As the incident is recalled in her biography:

Voices slowly escalated. Suddenly the two nuns were at each other: the organist refusing to play, Mary of the Cross threatening to throw her into the snow if she didn’t.

“And I’m sitting there trying to re-collect myself for my vows,” Mother Angelica recalled. “The people must have thought we were nuts.”

Then came the bug, scampering across the wooden floor in front of the sisters.

Mary of the Cross rose up, lifted the kneeler with both hands, and pounded it on the ground, attempting to annihilate the insect. Like a madwoman with a jackhammer, she repeatedly wielded the priedieu (kneeler), hurling it and herself at the crawler. The organist, thinking the display an underhanded critique of her playing, pounded the keys all the harder. Sister Angelica could not believe what she termed “the shenanigans.” Then the bishop walked in.

Wet and cold from walking several blocks where he had to leave his stalled car, Bishop McFadden requested a fresh pair of socks, which Sr. Mary of the Cross sent Sister Angelica to get.

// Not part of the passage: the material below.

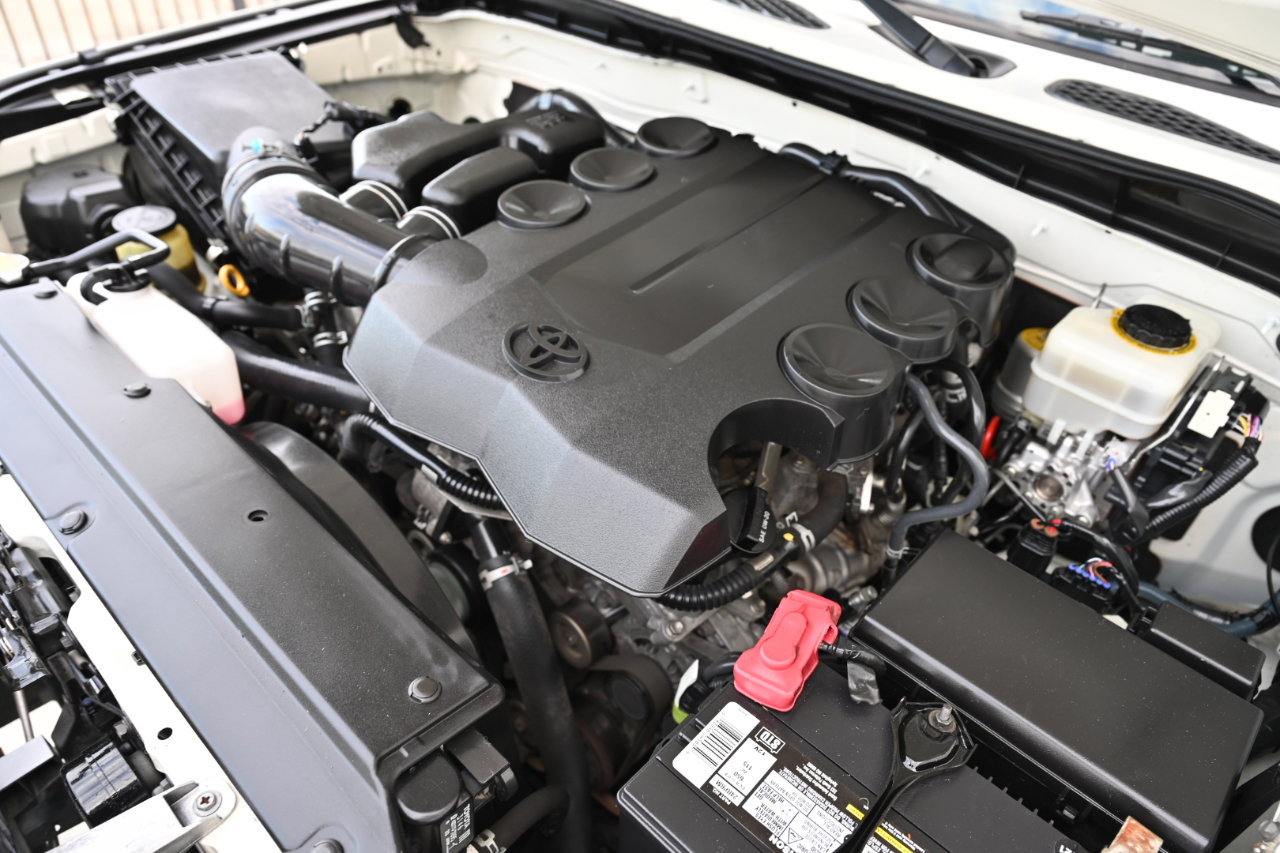 Used 2013 Toyota FJ Cruiser 4WD image 40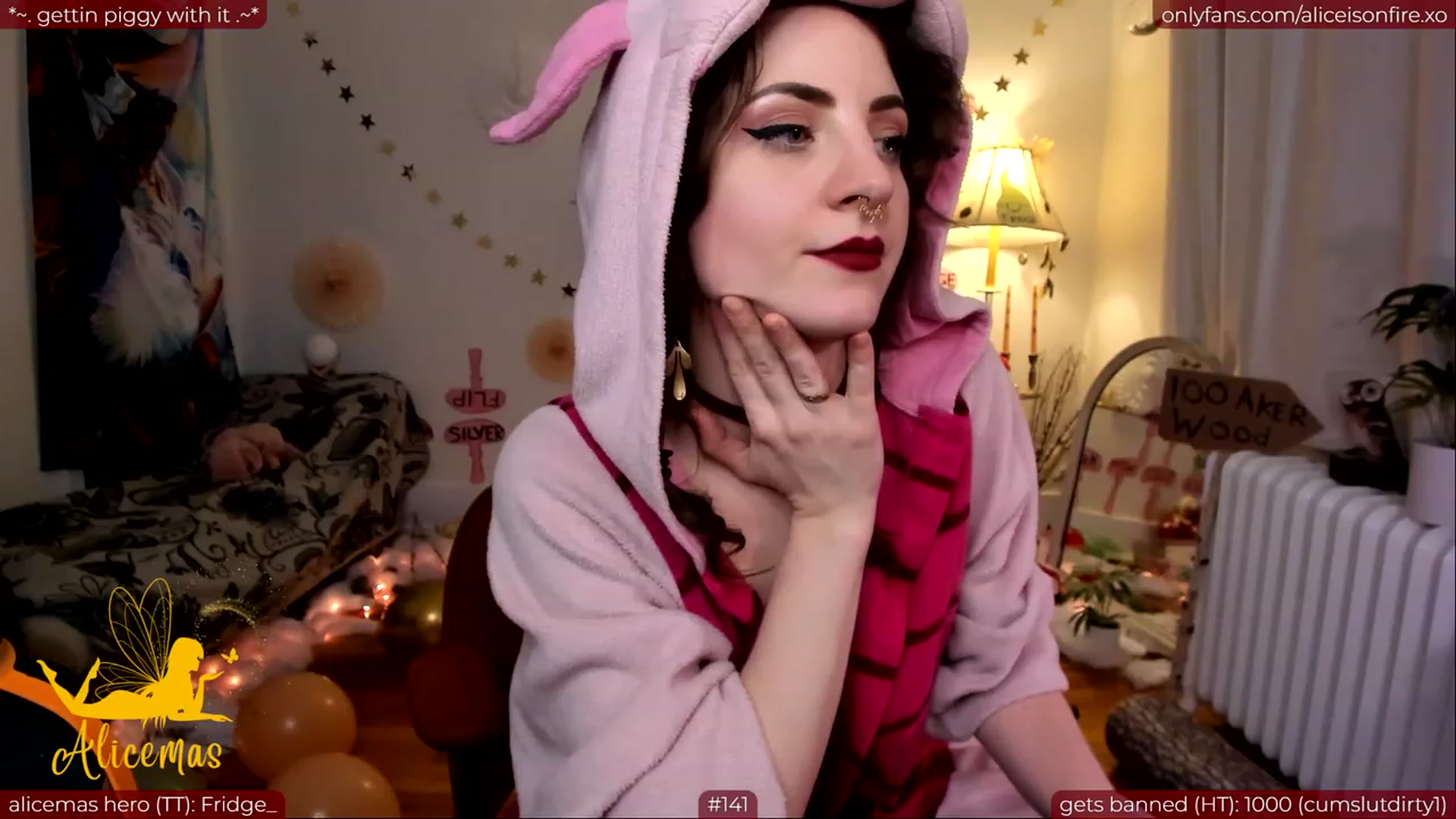 Gallery image thumbnail from aliceisonfire's myfreecams stream on, 12/16/2023, 12:12 image 19 of 20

When it came time to place the profession ring on Sr. Angelica’s fingers, the bishop couldn’t fit it past her knuckle — her hand was swollen from a shower handle in the convent that had crumbled and cut her hand several days prior.

“With everything going on there, I’m thinking, Oh Jesus doesn’t love me. You know?...I mean, it was a real spiritual experience!” Mother Angelica said. “But that’s the way God works with me. As I look back, before anything big that was coming, something happened to me.”

Despite “the shenanigans” of the day, Sr. Angelica took her vows seriously, writing in a letter to her mother that “the espoused” and “royal couple” (herself and Jesus) “wished to express their gratitude to their friend and member of their personal court...The spouse has asked the Bridegroom to fill you with his peace and consolation.”

She signed the letter: “Jesus and Angelica.”

Mother Mary Angelica of the Annunciation, foundress of the Eternal Word Television Network (EWTN), passed away on March 27 after a lengthy struggle with the aftereffects of a stroke. She was 92 years old.